L’aide-soignante essaye de tirer Lucien mais ce n’est pas un problème de dos. D’ailleurs son collègue plus fort n’y arrive pas non plus. Soudain, en voyant sur la table de chevet, de part et d’autre du portrait du défunt mari de Germaine, qui semble se moquer, le tube de gel intime et celui de colle à dentier, ils comprennent tous simultanément… Germaine a inversé les onguents !
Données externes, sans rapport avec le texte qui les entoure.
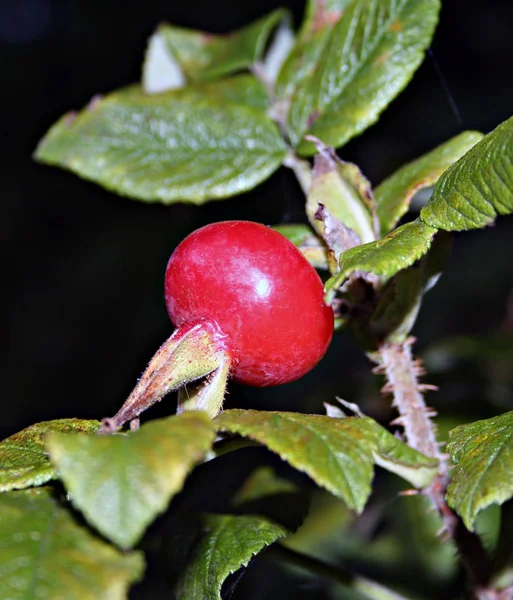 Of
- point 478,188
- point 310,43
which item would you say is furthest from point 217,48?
point 478,188

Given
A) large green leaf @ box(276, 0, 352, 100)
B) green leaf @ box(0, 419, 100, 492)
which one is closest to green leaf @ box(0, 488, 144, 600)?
green leaf @ box(0, 419, 100, 492)

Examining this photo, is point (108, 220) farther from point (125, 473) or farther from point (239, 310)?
point (125, 473)

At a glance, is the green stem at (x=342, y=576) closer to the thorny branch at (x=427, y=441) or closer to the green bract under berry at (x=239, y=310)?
the thorny branch at (x=427, y=441)

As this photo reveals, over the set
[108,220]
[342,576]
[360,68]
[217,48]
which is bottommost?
[342,576]

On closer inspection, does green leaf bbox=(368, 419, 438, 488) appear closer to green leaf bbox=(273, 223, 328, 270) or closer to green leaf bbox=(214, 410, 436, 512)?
green leaf bbox=(214, 410, 436, 512)

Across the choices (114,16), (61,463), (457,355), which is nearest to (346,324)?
(61,463)
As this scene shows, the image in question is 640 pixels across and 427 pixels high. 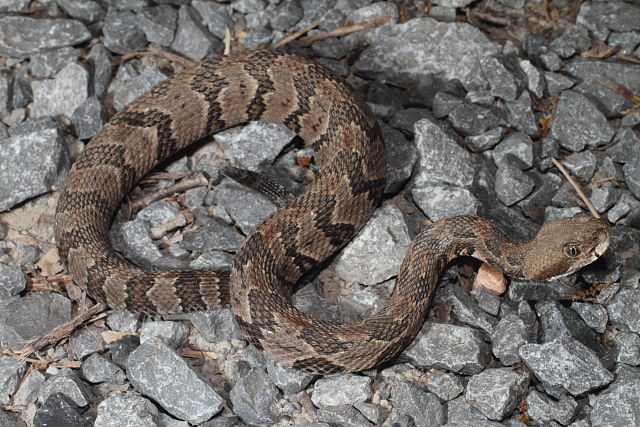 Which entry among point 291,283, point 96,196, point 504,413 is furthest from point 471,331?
point 96,196

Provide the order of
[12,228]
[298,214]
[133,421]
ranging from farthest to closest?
[12,228] → [298,214] → [133,421]

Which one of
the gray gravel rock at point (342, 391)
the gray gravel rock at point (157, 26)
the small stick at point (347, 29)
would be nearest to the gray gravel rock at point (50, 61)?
the gray gravel rock at point (157, 26)

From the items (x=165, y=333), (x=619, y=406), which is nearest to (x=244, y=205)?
(x=165, y=333)

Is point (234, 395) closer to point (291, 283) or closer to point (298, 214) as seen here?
point (291, 283)

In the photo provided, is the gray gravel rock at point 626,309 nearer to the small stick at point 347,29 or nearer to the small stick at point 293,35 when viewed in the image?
the small stick at point 347,29

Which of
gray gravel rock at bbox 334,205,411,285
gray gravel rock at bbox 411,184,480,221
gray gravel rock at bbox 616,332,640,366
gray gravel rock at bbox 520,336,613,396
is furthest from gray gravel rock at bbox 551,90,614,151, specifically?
gray gravel rock at bbox 520,336,613,396

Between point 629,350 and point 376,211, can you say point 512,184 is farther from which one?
point 629,350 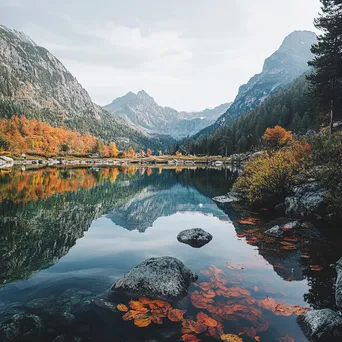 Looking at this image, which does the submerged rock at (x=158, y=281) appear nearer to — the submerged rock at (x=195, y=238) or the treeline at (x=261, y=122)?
the submerged rock at (x=195, y=238)

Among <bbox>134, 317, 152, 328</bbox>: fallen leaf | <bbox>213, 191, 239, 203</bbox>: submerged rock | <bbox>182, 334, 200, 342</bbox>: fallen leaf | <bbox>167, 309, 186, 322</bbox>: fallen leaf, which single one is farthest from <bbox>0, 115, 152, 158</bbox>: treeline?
<bbox>182, 334, 200, 342</bbox>: fallen leaf

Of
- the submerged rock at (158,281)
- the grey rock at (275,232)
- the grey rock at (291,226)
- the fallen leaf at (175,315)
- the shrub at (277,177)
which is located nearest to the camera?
the fallen leaf at (175,315)

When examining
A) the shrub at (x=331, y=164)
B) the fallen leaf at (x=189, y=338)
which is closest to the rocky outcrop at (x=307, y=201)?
the shrub at (x=331, y=164)

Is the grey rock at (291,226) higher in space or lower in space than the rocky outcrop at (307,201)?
lower

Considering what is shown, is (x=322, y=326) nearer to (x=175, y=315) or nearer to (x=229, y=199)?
(x=175, y=315)

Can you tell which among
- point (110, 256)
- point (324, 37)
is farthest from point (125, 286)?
point (324, 37)

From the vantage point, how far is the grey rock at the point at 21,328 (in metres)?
7.61

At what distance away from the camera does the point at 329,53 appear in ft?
125

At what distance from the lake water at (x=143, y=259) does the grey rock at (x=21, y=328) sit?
0.54 ft

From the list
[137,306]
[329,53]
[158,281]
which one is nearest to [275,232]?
[158,281]

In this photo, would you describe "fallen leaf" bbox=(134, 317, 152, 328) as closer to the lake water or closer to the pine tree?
the lake water

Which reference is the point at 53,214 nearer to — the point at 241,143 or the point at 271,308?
the point at 271,308

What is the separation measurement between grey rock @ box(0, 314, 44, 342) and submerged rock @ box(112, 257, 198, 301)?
3.19 m

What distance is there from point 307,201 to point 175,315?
16.6 m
Le personnel rit gras, les amants rient jaune. Mais tous s’accordent à penser que la situation doit se régler. Comment ? C’est tellement collé ! L’aide-soignant, qui a fait un stage d’assistant sexuel pour les handicapés, entreprend de faire jouir Lucien par la prostate pour qu’il lubrifie de l’intérieur.

– Ce n’est pas de l’assistance sexuelle, c’est du dépannage sexuel !

Mais le joyeux drille peut enfoncer et ré-enfoncer tant qu’il veut son gros pouce d’Antillais, Lucien a le cancer de la prostate, il y a longtemps qu’elle est atrophiée.

Les deux professionnels de santé proposent d’attendre, pour voir si ça se détend. Une heure après rien n’a changé. Si ce n’est que la base du sexe de Lucien est bleue. Un docteur est appelé, qui arrive deux heures plus tard. Lucien a la queue noire. Son sexe est mort, littéralement mort. Lui vit mais son sexe est mort ; sa rigidité n’était que cadavérique, peut-être depuis l’injection. Le docteur l’ampute sans sommation. Et comme Germaine avait été très généreuse en « gel intime », il faut également lui couper les roubignolles car la peau en est collée aux rides vaginales.

Lui qui urinait déjà au moyen d’une sonde, ça ne lui changera pas beaucoup la vie, se dit-on. Mais que faire pour Germaine ? Va-t-elle demeurer à jamais enconnée par le vit de Lucien moisissant en elle comme un rat crevé dans un coin de cave ? Oui, car nul espoir d’extraction n’est permis, tant les tissus des deux sexes sont mêlés.

Le lendemain dimanche, la famille de Lucien vient le visiter. Sa femme est là, avec enfants et petits-enfants, pour fêter leurs noces de platine. Elle lui remet une médaille de ce métal symbolisant la pureté de leur amour ; lui, muet, gaga, lui remet un sachet plastique malodorant avec ses couilles dedans. Le dimanche suivant Germaine meurt de septicémie.